As you can see, the only information we got back were those lines in the text file that don’t contain the word failed. Which is what we were hoping to get back.

The –context Parameter

Sometimes searching for a target value can result in slightly-misleading output. For example suppose you use this command to search a log file for the word failure:

Select-String C:\Scripts\Test.lxt -pattern "failure"

Now, suppose Select-String reports back the following:

scripts\test.txt:4:a) Name Resolution failure on the current domain controller.

Name resolution failure on the current domain controller? Uh-oh; sound the alarm!

But wait. As it turns out, this entry in the log file actually reads (in part) like this:

Processing Failed 10/30/2007 10:04:05 AM The processing of Group Policy did not succeed. Windows could not resolve the computer name. This could be caused by one or more of the following: a) Name Resolution failure on the current domain controller. b) Active Directory Replication Latency (an account created on another domain controller has not replicated to the current domain controller).

In other words, you might have a name resolution failure. But, then again, you might not; this is just one of several possible problems.

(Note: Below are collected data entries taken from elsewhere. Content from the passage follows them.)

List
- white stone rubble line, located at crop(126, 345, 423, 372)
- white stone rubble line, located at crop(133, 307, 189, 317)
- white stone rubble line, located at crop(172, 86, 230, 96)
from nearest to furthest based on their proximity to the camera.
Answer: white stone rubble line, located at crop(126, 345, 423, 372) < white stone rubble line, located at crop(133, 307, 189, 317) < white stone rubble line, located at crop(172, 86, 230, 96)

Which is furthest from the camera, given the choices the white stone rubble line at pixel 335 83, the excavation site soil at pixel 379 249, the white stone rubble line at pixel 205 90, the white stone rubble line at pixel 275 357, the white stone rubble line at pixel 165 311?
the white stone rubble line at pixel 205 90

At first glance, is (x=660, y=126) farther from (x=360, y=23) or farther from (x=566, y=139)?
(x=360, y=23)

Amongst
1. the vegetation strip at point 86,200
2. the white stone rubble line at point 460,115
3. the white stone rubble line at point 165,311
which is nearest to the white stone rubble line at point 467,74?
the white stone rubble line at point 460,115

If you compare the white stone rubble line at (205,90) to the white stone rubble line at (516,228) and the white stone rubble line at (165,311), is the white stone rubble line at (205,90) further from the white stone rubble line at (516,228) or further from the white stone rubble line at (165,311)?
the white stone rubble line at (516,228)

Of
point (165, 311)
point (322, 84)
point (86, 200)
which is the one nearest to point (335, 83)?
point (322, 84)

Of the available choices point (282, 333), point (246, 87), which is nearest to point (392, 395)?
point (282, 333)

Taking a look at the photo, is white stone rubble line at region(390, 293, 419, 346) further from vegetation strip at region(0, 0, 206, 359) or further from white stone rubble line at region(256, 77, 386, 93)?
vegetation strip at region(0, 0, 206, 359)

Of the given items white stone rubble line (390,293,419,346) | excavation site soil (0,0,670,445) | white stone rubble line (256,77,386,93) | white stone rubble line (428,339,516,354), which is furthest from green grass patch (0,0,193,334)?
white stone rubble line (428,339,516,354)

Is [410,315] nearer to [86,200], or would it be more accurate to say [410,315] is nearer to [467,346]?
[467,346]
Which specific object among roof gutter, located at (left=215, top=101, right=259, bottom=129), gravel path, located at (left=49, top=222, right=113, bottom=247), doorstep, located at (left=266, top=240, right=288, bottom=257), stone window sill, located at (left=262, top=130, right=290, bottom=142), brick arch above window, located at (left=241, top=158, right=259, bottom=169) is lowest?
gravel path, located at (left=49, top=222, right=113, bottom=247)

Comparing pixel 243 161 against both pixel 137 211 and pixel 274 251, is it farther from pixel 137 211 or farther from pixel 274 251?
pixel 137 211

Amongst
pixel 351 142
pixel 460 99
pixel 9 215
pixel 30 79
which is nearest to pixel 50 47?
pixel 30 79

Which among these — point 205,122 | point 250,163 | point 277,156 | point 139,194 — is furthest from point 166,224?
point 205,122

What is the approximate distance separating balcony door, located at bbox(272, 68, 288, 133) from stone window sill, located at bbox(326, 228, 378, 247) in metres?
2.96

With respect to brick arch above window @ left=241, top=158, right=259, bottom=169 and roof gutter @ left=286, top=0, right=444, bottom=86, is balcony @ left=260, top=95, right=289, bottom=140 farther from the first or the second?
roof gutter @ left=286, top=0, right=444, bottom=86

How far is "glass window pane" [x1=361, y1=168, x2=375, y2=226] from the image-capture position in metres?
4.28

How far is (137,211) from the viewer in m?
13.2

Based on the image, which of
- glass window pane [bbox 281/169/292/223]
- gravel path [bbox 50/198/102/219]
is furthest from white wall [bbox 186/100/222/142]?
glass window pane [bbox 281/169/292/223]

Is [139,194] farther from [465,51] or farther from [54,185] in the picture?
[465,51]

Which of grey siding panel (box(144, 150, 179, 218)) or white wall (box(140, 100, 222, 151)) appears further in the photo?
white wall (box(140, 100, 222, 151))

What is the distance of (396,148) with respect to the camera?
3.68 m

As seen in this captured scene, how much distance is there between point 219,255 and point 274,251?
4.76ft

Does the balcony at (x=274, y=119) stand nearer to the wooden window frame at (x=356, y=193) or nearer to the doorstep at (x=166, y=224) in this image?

What that means is that context can be very important when extracting information from a text file. And that’s too bad, because context is something that the Select-String cmdlet simply cannot provide.

Well, not unless you use the –context parameter, that is.

As the name implies, the –context parameter not only finds matches but also lets you view those matches in context. That’s great. But what, exactly does that mean?

To answer that question, let’s modify our previous command by adding the –context parameter:

Select-String C:\Scripts\Test.lxt -pattern "failure" -context 2

What’s the 2 passed to –context for? That simply tells the script that, when it comes time to display any matches, we don’t want to see just the line of text where the match occurred. Instead, we also want to see the two lines of text immediately preceding that line as well as the two lines of text immediately following that line. In other words, we want output that looks like this (note that the line where the match occurred can be identified by the right angle bracket [>]):

  scripts\test.txt:2:The processing of Group Policy did not succeed. Windows could not resolve the
  scripts\test.txt:3:computer name. This could be caused by one or more of the following:
> scripts\test.txt:4:a) Name Resolution failure on the current domain controller.
  scripts\test.txt:5:b) Active Directory Replication Latency (an account created on another
  scripts\test.txt:6:domain controller has not replicated to the current domain controller).

That’s more like it; now we know that while we might have a Name Resolution failure we might also have some other problem instead (e.g., an Active Directory replication problem). That could save us from spending an enormous amount of time and energy pursuing a problem that doesn’t even exist.

If you prefer, you can specify different values for the lines preceding a match and the lines following a match. For example, this command shows us the 3 lines immediately preceding a matched line, as well as just the 1 line immediately following a matched line:

Select-String C:\Scripts\Test.lxt -pattern "failure" -context 3,1

Using our sample text, that results in output that looks like this:

  scripts\test.txt:1:Processing Failed 10/30/2007 10:04:05 AM
  scripts\test.txt:2:The processing of Group Policy did not succeed. Windows could not resolve the
  scripts\test.txt:3:computer name. This could be caused by one or more of the following:
> scripts\test.txt:4:a) Name Resolution failure on the current domain controller.
  scripts\test.txt:5:b) Active Directory Replication Latency (an account created on another

Very nice.

A bonus Select-String Tip. By default, Select-String does case-insensitive matching; that means the letter case is ignored which, in turn, means that both FAILURE and failure will be tagged as matches. If you’d prefer to perform a case-sensitive match, in which FAILURE and failure do not match, then simply add the –caseSensitive parameter.